-------- DATASET CONTENT --------

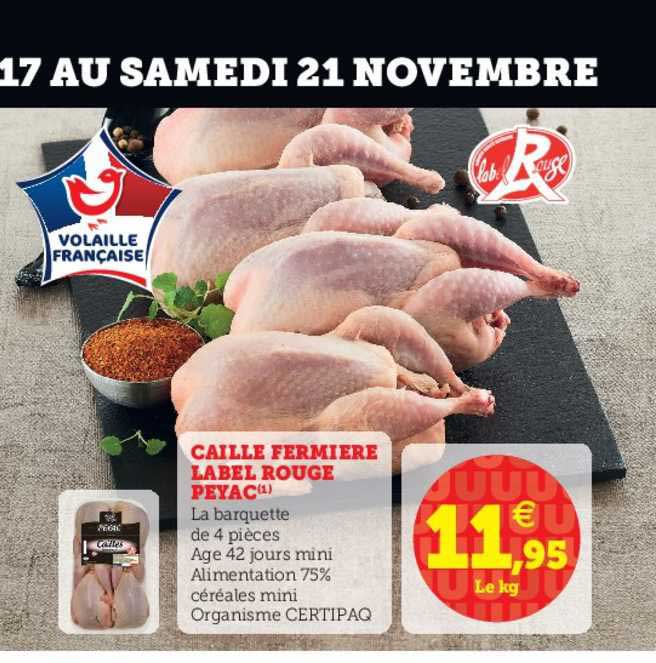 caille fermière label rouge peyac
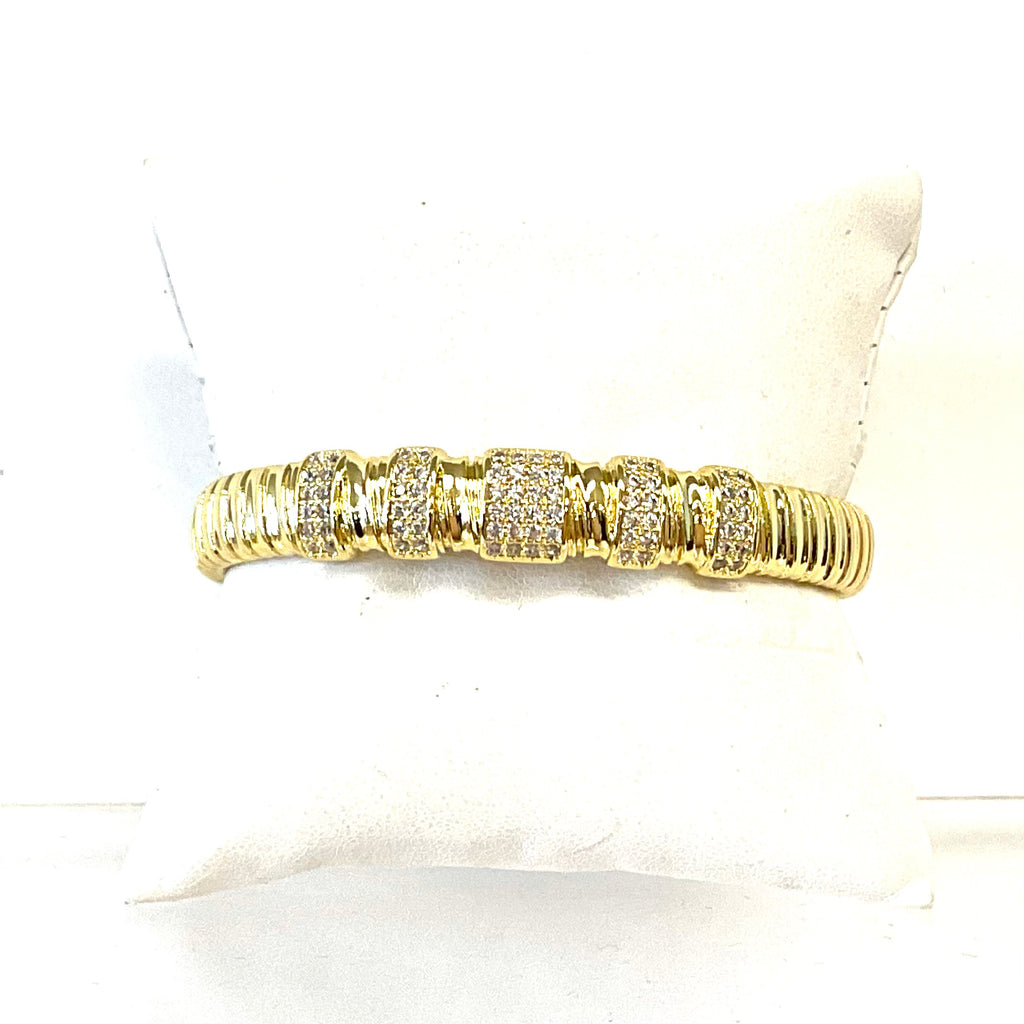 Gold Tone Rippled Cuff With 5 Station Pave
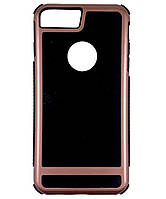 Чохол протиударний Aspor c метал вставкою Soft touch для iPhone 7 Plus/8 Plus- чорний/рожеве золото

--------

→ **WHAT THE TASK REQUIRES**
Repeat all of the data above word for word, minus the pictures.

→ **RESULT BELOW**
 caille fermière label rouge peyac
 Gold Tone Rippled Cuff With 5 Station Pave
 Чохол протиударний Aspor c метал вставкою Soft touch для iPhone 7 Plus/8 Plus- чорний/рожеве золото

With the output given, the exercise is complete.